#### [Supplied records]
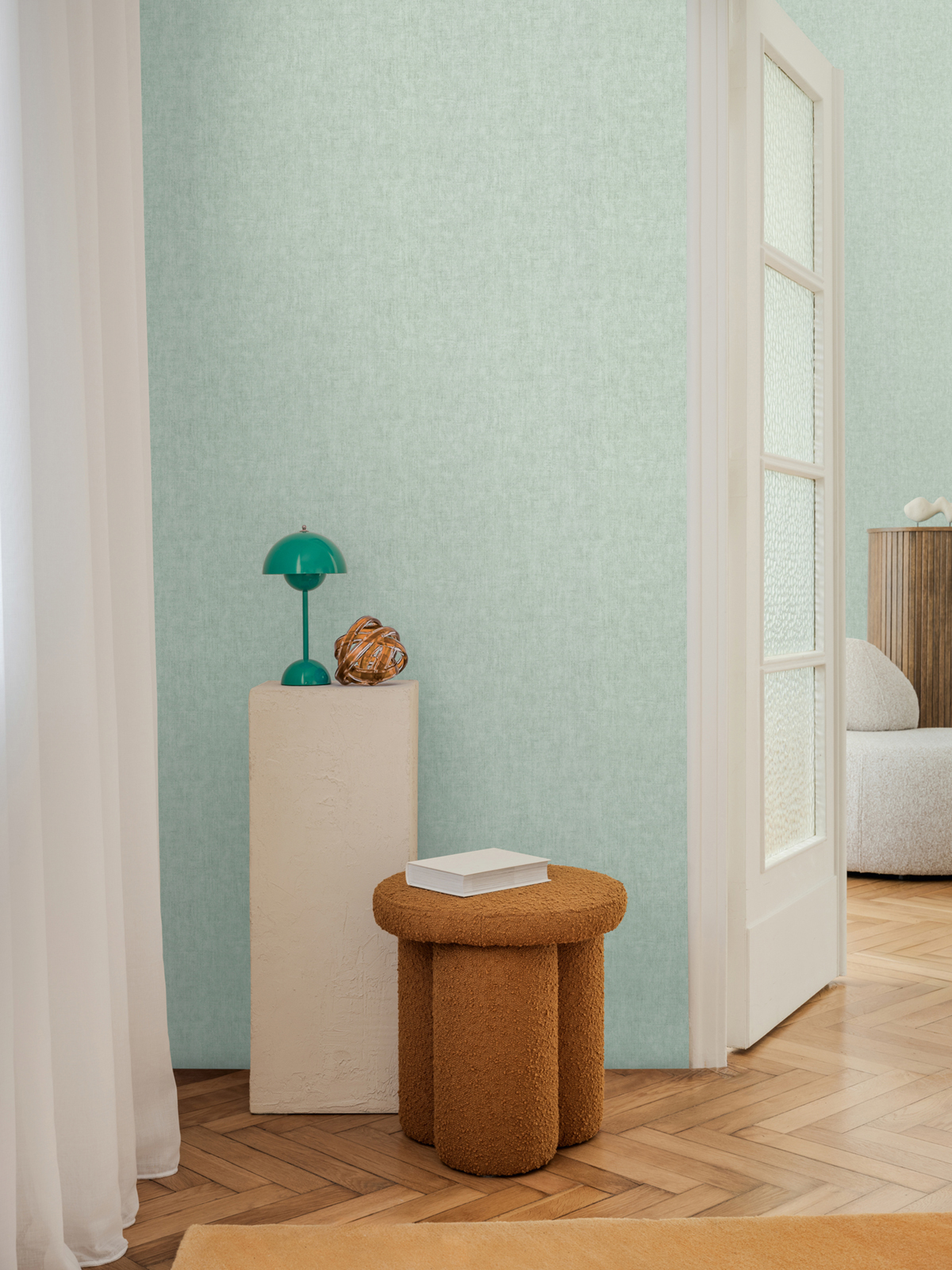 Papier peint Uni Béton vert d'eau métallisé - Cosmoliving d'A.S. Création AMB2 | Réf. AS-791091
* * *
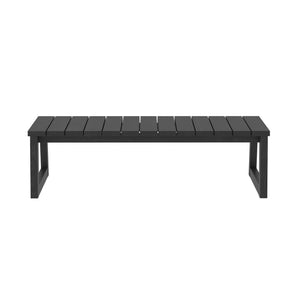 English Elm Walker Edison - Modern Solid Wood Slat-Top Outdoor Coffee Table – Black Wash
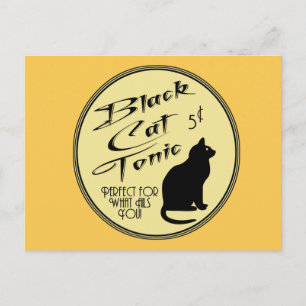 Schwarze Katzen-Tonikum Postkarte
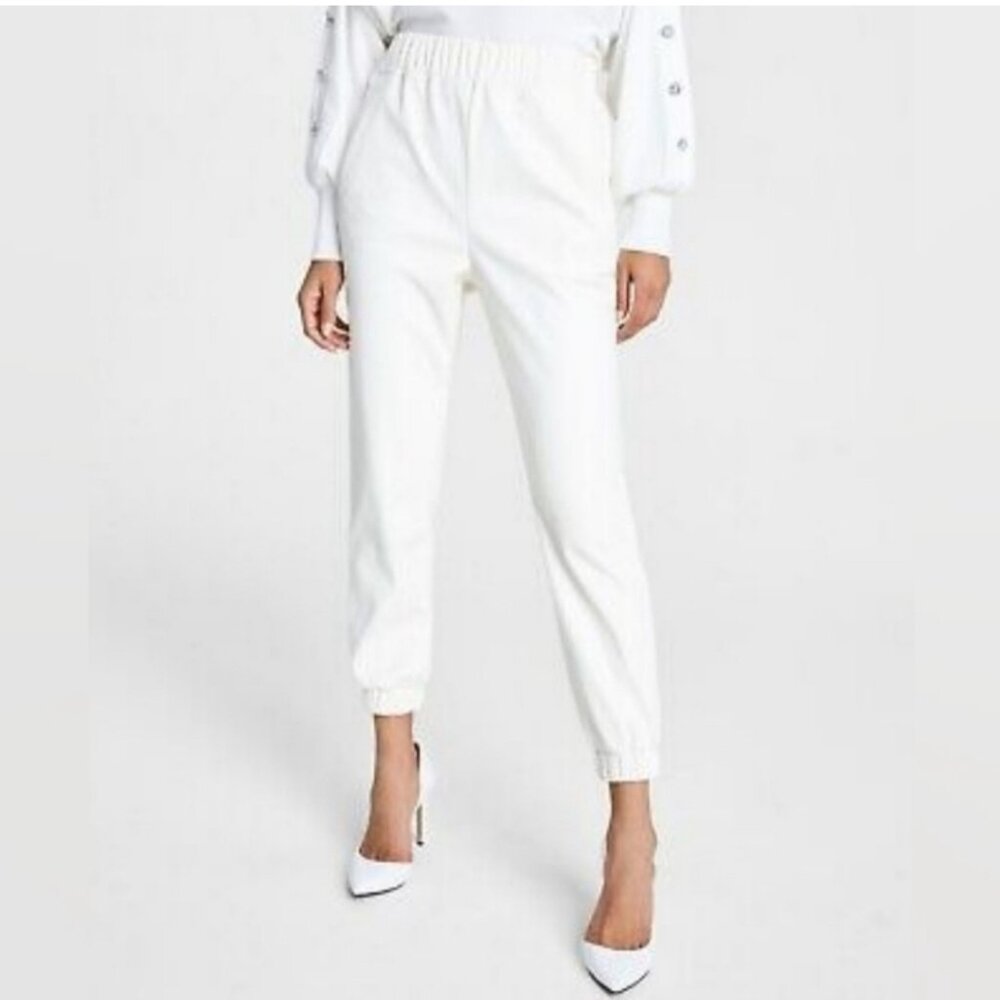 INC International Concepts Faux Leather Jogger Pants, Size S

#### [Instructions to follow]
Up in the listing, locate the line with "English Elm Walker"; print it and every line after it down to the line with "INC International Concepts", which is included too. Skip the pictures.

#### [Your solution]
 English Elm Walker Edison - Modern Solid Wood Slat-Top Outdoor Coffee Table – Black Wash
 Schwarze Katzen-Tonikum Postkarte
 INC International Concepts Faux Leather Jogger Pants, Size S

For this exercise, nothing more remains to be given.